MARTIN: There's so much going on here that we could talk about, but a couple things. First of all, I just want to ask about how you understood Thurgood Marshall. I mean, he went on to argue 32 cases before the Supreme Court, including, of course, Brown v. Board of Ed, first African-American justice on the high court. This is all before that, right? So - but you still portray him as a person with a lot of, I don't know, style and a lot of self-possession. But it's also a lot of pressure. I mean, and the film kind of makes the case that this did take a personal toll on him and the people who were important to him. So I'm just wondering how you understood him in this and how you went about thinking about who you were going to be to portray him.
BOSEMAN: For me, the research, he was brought into a place where he was educated at Howard. He was educated in Baltimore, educated at Lincoln University. A lot of that stuff affected him in a particular way. He was actually born in Harlem and moved back to Baltimore. And he moved back to Harlem with his wife, Buster, and had that sort of Harlem Renaissance period affect who he was. So all of that is where he's coming into this with. He's a man about town. He's a man who enjoys life. He's a man who could have sort of the comfort abilities of this renaissance. And he is putting that on the line to go fight in places where he's not wanted.
MARTIN: But I'm asking you how you figured out how to play that line because you didn't grow up in that era where you were - where people thought that you should cross the street when they walked on it, you know what I mean? Like that level of - I'm just wondering how you figured that out for yourself.
BOSEMAN: I don't know if that's true. You know, I'm from Anderson, S.C., but I grew up in the South. So I know what it is to ride to school and have Confederate flags flying from trucks in front of me and behind me, to see a parking lot full of people with Confederate flags and know what that means. I've been stopped by police for no reason. I've been called boy and nigger and everything else that you could imagine. Along with the great hospitality that is in the South, that is part of it.

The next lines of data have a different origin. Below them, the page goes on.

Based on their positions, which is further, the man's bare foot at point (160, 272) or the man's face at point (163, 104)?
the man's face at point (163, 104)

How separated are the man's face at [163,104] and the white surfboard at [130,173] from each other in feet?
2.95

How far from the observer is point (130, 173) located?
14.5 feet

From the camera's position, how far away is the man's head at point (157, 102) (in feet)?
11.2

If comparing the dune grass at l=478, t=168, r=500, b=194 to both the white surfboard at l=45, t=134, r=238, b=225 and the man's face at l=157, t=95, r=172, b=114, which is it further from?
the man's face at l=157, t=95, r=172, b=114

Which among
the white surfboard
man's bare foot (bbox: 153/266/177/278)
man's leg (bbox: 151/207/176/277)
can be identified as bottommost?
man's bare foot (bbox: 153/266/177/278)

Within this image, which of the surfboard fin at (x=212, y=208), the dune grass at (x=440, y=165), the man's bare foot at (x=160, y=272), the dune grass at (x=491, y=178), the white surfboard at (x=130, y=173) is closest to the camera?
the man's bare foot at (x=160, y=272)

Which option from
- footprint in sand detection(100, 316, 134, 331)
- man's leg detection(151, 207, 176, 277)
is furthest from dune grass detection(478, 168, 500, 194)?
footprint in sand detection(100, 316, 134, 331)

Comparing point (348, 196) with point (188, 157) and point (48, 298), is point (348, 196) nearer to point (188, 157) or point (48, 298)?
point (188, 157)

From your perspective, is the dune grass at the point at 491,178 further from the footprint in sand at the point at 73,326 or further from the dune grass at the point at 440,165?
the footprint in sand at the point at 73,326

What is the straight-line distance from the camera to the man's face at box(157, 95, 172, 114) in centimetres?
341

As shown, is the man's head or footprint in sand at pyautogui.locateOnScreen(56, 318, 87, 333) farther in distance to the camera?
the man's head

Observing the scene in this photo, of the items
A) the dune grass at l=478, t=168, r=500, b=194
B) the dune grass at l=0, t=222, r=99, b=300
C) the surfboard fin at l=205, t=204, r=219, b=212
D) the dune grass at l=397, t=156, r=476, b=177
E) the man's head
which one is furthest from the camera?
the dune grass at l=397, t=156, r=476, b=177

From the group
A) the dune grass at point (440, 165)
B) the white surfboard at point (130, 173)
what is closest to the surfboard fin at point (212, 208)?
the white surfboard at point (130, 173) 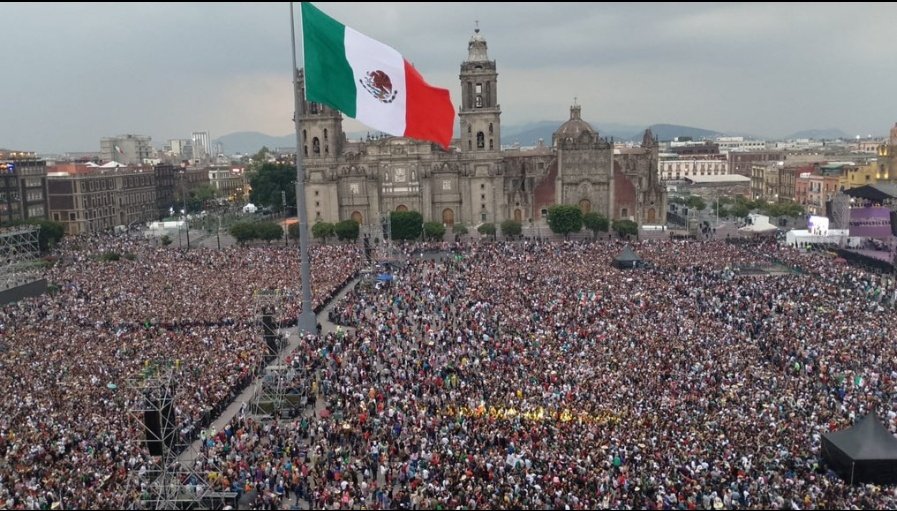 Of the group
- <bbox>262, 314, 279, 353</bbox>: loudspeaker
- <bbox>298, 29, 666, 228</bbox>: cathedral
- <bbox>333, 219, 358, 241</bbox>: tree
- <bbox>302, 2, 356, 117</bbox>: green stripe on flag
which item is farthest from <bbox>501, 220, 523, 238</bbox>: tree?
<bbox>302, 2, 356, 117</bbox>: green stripe on flag

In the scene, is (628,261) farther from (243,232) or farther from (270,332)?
(243,232)

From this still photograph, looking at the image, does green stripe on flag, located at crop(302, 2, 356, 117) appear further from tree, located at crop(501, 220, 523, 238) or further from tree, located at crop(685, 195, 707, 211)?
tree, located at crop(685, 195, 707, 211)

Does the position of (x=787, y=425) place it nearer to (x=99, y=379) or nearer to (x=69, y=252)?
(x=99, y=379)

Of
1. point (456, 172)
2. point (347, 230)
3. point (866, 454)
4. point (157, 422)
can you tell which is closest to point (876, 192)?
point (456, 172)

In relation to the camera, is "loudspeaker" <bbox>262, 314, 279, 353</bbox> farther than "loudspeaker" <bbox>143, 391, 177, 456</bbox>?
Yes

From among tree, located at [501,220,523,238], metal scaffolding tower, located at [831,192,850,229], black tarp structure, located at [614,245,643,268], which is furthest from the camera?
tree, located at [501,220,523,238] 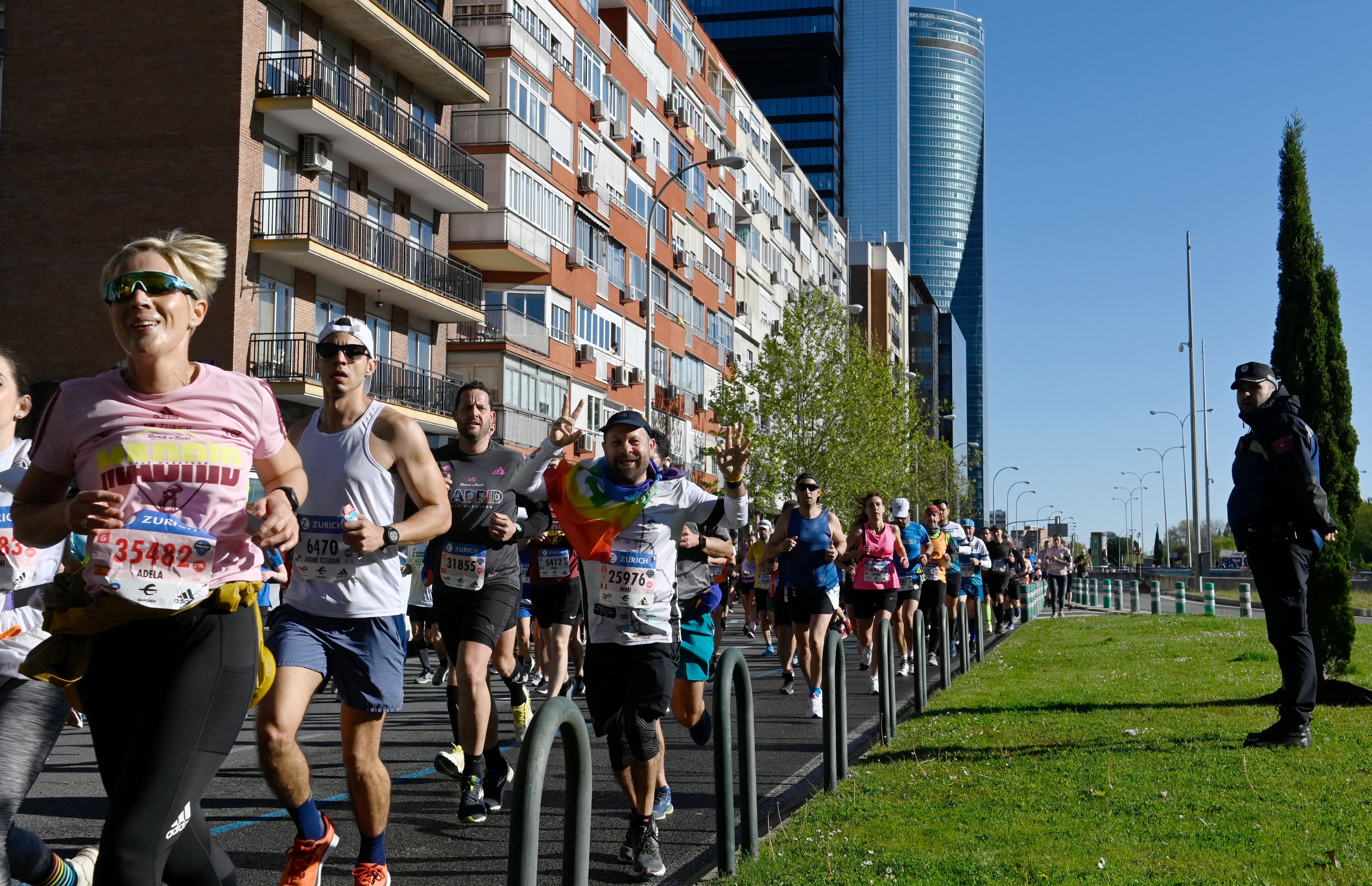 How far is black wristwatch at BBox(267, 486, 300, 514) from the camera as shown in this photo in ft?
12.6

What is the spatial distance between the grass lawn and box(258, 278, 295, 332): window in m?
20.8

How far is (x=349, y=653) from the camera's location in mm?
5320

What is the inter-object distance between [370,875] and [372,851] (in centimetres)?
8

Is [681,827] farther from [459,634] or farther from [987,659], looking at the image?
[987,659]

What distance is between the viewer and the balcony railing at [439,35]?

And so I understand when it is to exist in that space and find your manhood. And so I don't think that that is a thing that has gone completely foreign to our existence right now. So part of my, I guess, ability to face it is because I faced it. I failed at facing it. I get the opportunity in playing the character to relive those things and do things a different way.
MARTIN: That's Chadwick Boseman. He plays a young Thurgood Marshall, the man who would later go on to become the first African-American justice of the Supreme Court, who argued some 30 cases before the Supreme Court before that. He's the star of the new film "Marshall," which came out on Friday. And Chadwick Boseman joined us from member station WBEZ in Chicago. Chadwick Boseman, thank you so much for speaking with us.
BOSEMAN: Oh, thank you. Thank you. Thank you.